The Official Rules of the Scottish Cyclist owe a debt to the Official Rules of the Euro Cyclist, a comically and self-consciously elitist facebook group about cycling style.
The Official Rules of the Euro Cyclist are 61 rules, which satirise (or do they?) the egotistical, flamboyant style of European pro cyclists, primarily Italians.
The Euro rules works on many levels, sort of like the Borat Movie- it is steeped in irony but at times the wall posts and image comments seem to take the whole thing a bit too seriously, missing the joke (or is there a joke?).
As I have got into road cycling through 2008 and 2009, I have become more aware of the finer traditions, codes of conduct and etiquette of the sport. I value these and aspire to follow them but offer suffer a degree of inner turmoil. Sometimes I just want to ride without worrying if my wheel is a few centimetres in front of the rider to my side, if my kit is colour-co-ordinated, or if the mechanism that shifts my chain from one sprocket to another was designed in Sakai or Vicenza.
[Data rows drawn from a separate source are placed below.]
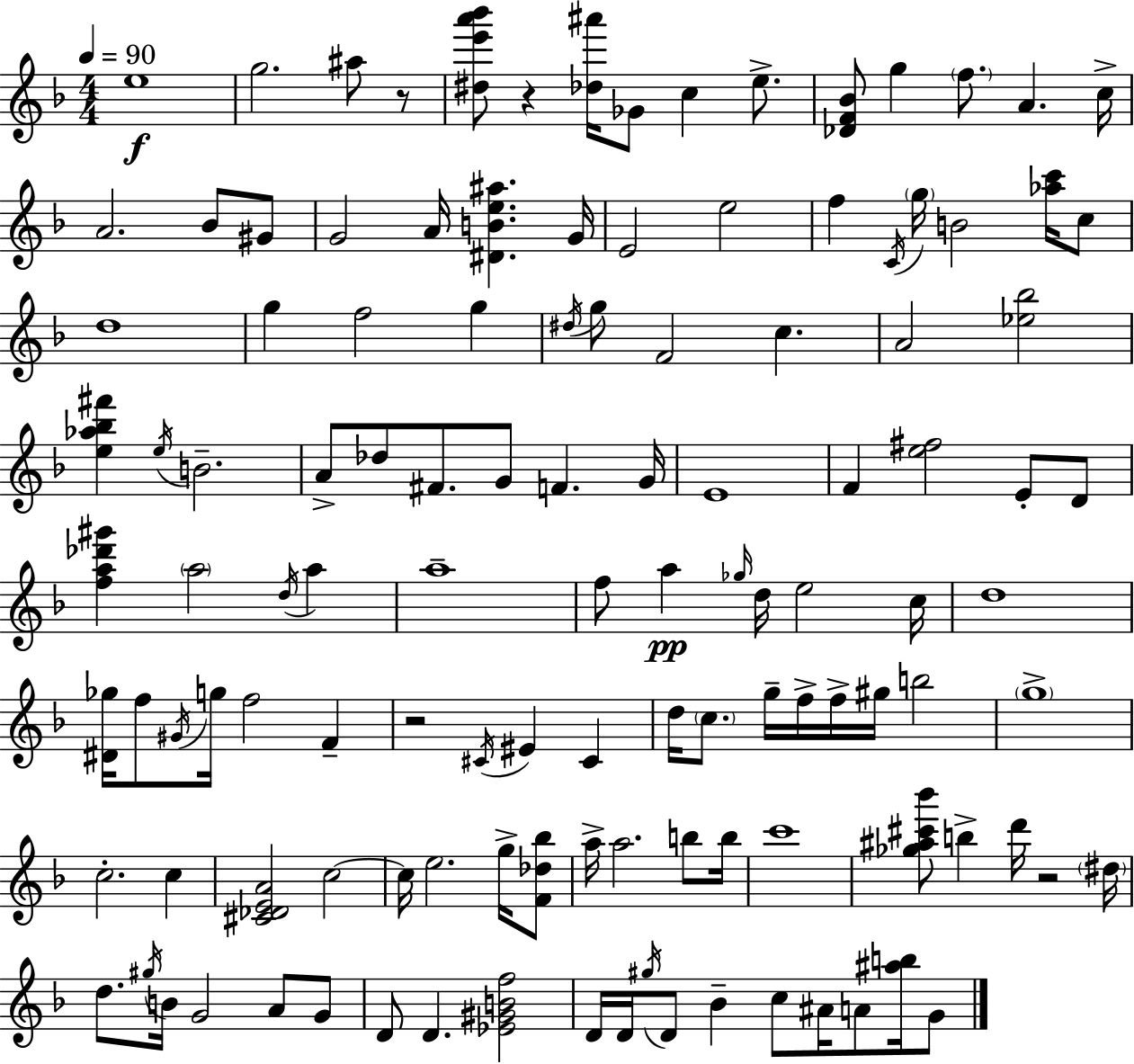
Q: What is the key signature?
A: F major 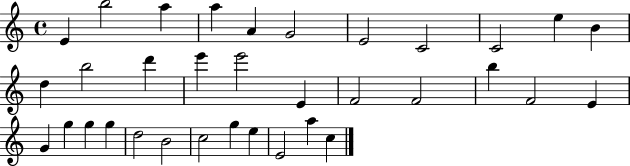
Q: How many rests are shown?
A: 0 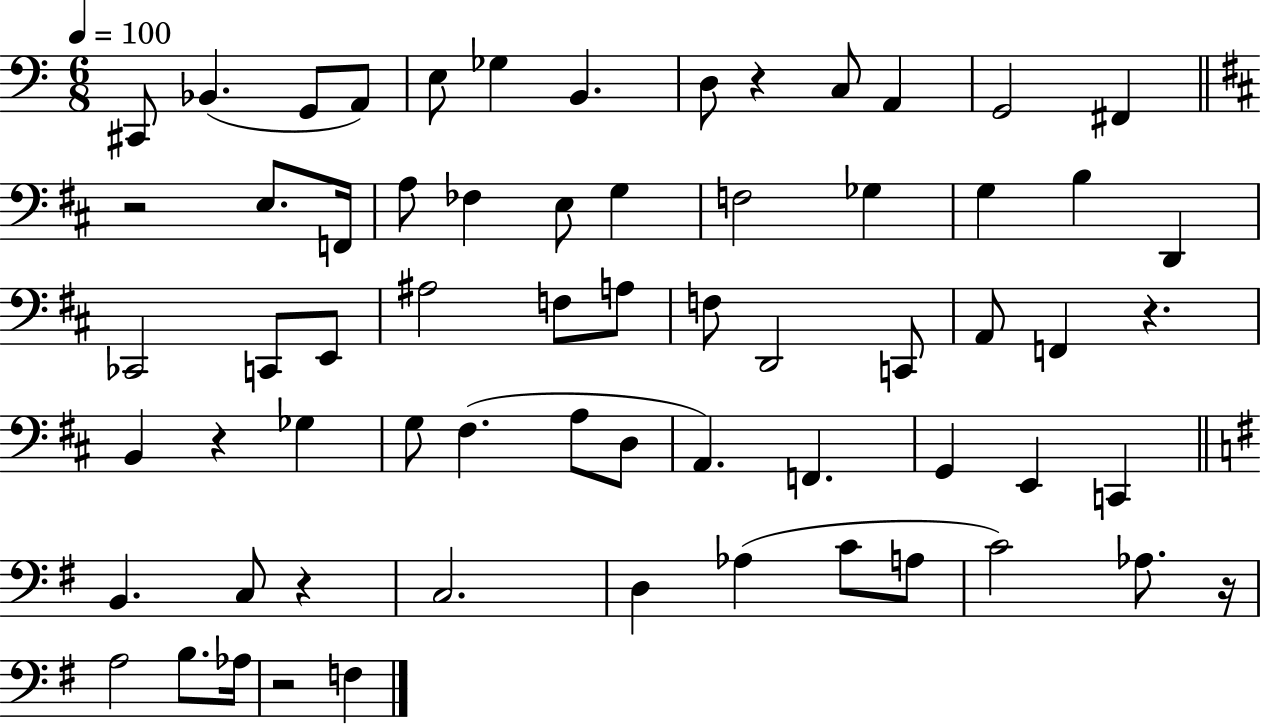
C#2/e Bb2/q. G2/e A2/e E3/e Gb3/q B2/q. D3/e R/q C3/e A2/q G2/h F#2/q R/h E3/e. F2/s A3/e FES3/q E3/e G3/q F3/h Gb3/q G3/q B3/q D2/q CES2/h C2/e E2/e A#3/h F3/e A3/e F3/e D2/h C2/e A2/e F2/q R/q. B2/q R/q Gb3/q G3/e F#3/q. A3/e D3/e A2/q. F2/q. G2/q E2/q C2/q B2/q. C3/e R/q C3/h. D3/q Ab3/q C4/e A3/e C4/h Ab3/e. R/s A3/h B3/e. Ab3/s R/h F3/q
The Official Rules of the Scottish Cyclist are the antidote to the Euro Rules. They value the Scottish qualities/stereotypes of “grit and determination”, laud the plucky underdog and the valiant loser, bemoan bad luck and bad weather, urge spendthriftiness, and eschew style.
I shall post the rules separately one-by-one, so as to allow debate, and collate them in a single list as I go along.
#1. Practicality and functionality shall be the primary concerns of the Scottish Cyclist. Under no circumstances should the Scottish Cyclist pay heed to aesthetics or style, either in his/her bicycle or clothing.
2. The second most important rule for the Scottish Cyclist is cost. Kit and equipment shall always be selected for best value. Under no circumstances shall excessive expense be paid to overtly stylish kit. It is acceptable to pay higher amounts for quality kit or components for their longevity, but never for reasons of aesthetics.
3. Training shall be based solely on feel, while racing shall be guided by sensations and instinct. Computers, power meters, coaching programmes, gym membership are too expensive, and scientific data is way too much hassle.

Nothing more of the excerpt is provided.